On Matters Pertaining to the Student’s T
By @ResearchChat

If you want clarity
On sample disparity
Don’t call your bestie,
Just run a Test-T

#NotMyBest

By C. Anderson:

A young researcher from Moldova
Had to run her analyses ova
Her results didn’t thrive
(P greater than point-oh-5)
Next time, she’ll run an ANOVA

Stat Burglar
By @ResearchChat

Of all the statistical labours
There’s one that will land you in papers
There’s no use disputin’
Cuz when you’re imputin’
You’re stealing numerically from neighbours

Weighing Both Sides
(alternate title: Lunch Time Ponderings)
By @ResearchChat

Increasing your weight
In a model is great
It makes the data fit better

But weight on your waist
From indulging your taste
Just makes for a tight fitting sweater

Doing More…..With less
By @ResearchChat

Models that are parsimonious
Are balanced, lean, and harmonious
Adding more variables
Is more than just terrible
It’s unneeded, wrong, and erroneous

#OddWayToStartMarchBreak
#YetAnotherLimerick

Humor <
By @ResearchChat

X bar is the mean, and
X-tilde is the median.
“X walks into a bar jokes”
Won’t make you a comedian.

#HappyPiDay

Not so long ago, in a model not so far away…
By @ResearchChat

There is a sequel
To slopes that are equal
It’s slopes that are random
But it has a small fandom.

From Dr. Robson

Its close cousin
Has got me buzzin

If suitably prepped
Randomize the intercept!

From Dr. Robson

Data are useful
And should be respected
But if you live in Canada
They won’t be collected.

Moody Thoughts
By @ResearchChat

The null hypothesis is happy to say
“There’s nothing to see here, keep moving”
But get a result that’s significant
And suddenly the null is disproving

From Dr. Robson

The null hypothesis
Is kinda bad
Cuz if the null is correct
The alternative is sad

From Dr.
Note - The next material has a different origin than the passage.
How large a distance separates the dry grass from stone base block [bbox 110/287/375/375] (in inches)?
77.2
Robson

The research ethics board
Fills me with so much rage
But they won’t release my money
Til I fill out all the page

From Dr. Robson

Stata is best
To do your analysis
Because a missing period
Causes SPSS paralysis

If you use R
You’re probably cheap
The environment is hostile
And makes me weep

I don’t know why
People use SAS
All those semicolons
Are incredibly crass

From SAS Software
By Dr. Robson

The Semicolon indicates to the compiler it has received its command
If not inserted correctly, it simply would not understand 🤷‍♀️
Just like the Irish, may still follow the gold 💰
We believe #SASusers will continue to code and not fold.

#NoResponseFromStata

Methodative Quantologies
By @ResearchChat

When working with numbers
you’ll be called a “Quant”
Here are considerations, advisable:

If there is anything in
your analysis to flaunt
It should be reliable, valid, generalizable

Qualitatricity
By @ResearchChat

When working with narratives,
you’ll get the name “Qual”.
Collecting the truths people speak.

Highlighting their lives,
And looking through all,
For themes that are common or unique

#JustWhenYouThoughtItWasOver

Statistical Mixologists
By @ResearchChat

When blending these methods
You’ll be known as “Mixed”
And be the star extra-curricular

Of all of these methods,
Using the strongest betwixt:
Quan in general and Qual in particular

#MethodologicalVerse

From Dr. Robson

If the assumption
Of your approach
Is objective reality

Then the way you report
Should exhibit
Moral neutrality

Mixed methods: a poem
By Dr. Robson

Everyone will say
Mixed is the best
Til the interview data
Contradict the t-test.

From Dr. Cathlene Hillier

Mixed methods is the way to go.
Until the journal sees word count and says “no”!

Disturbing the Labour – a poem
By Dr. Robson

Everyone’s mad
Professors going on strike
But you gotta remember
It’s not something they like

Instead of aligning
with administrative positions
Remember that learning
Depends on working conditions

A Significant poem
By Dr. Robson

Report the p values
Show me those stars
Unless you’re in health
And love CI bars
Economists though
will be a damn terror
With their insistence on just
The raw standard error

Here’s a point (Oh Five)
By @ResearchChat

No wonder statisticians are gloomy
And so frequently prone to rant
Wouldn’t you feel the same, if your best results
Were declared as signifi-CANT ?

First p-value of the morning
By @ResearchChat

I once read in a book
That you can tell with just a look
Whether you have statistical significance

If, when you are graphin’
Your CI bars AREN’T overlappin’
then your p-value’s what we technically call “terrific-ance”

Perpetual Movement Statistic
By @ResearchChat

Degrees of Freedom
Why do we need’em?
The burden they carry:
How many values can vary.

Wordle: A Poem
By Dr. Robson

Wordle is my current
Source of fascination

Makes me feel smart
But it’s just procrastination

By ResearchChat

Have you tried Quordle ?
You solve four at once.
Wordle made me feel smart
Quordle made me a dunce.

Pah Pah OO Mow Mow
By @ResearchChat

Have you heardle about the Birdle?
Well Everybody knows that the Birdle’s the Wordle

Advertisement
Posted in Blog | Leave a comment

If you build it, they will come: 5 Blockbuster reasons your organization should have an R package

“There’s no crying in baseball “

There is a big learning curve to R.
It might make you cry.
It will probably make you angry.
It will definitely make you frustrated. And it is all worth it because:

  • It documents your work which supports transparency and accountability. This is an important step to building trust both inside and outside an organization.
  • It supports iterative and collaborative development. You can walk away from your work and pick it back up to continue or improve your work quickly.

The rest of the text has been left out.